*What you should do:* Starting at the line below holding "24k gold leaf" and stopping at the line holding "Set da Pranzo", print every line exactly, both ends included, and leave the rest out.

*Working data:*
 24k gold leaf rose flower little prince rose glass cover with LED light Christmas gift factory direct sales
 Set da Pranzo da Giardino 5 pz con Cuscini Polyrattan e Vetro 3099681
---
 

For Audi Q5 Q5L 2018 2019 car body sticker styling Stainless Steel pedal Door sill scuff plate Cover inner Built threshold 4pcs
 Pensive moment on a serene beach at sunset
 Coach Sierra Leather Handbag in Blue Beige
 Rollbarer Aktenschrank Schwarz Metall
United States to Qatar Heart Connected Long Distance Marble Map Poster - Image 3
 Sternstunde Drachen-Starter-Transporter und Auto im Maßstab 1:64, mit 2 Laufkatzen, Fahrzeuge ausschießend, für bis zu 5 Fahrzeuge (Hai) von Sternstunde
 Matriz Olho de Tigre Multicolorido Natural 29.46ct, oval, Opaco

*Problem solution:*
 24k gold leaf rose flower little prince rose glass cover with LED light Christmas gift factory direct sales
 Set da Pranzo da Giardino 5 pz con Cuscini Polyrattan e Vetro 3099681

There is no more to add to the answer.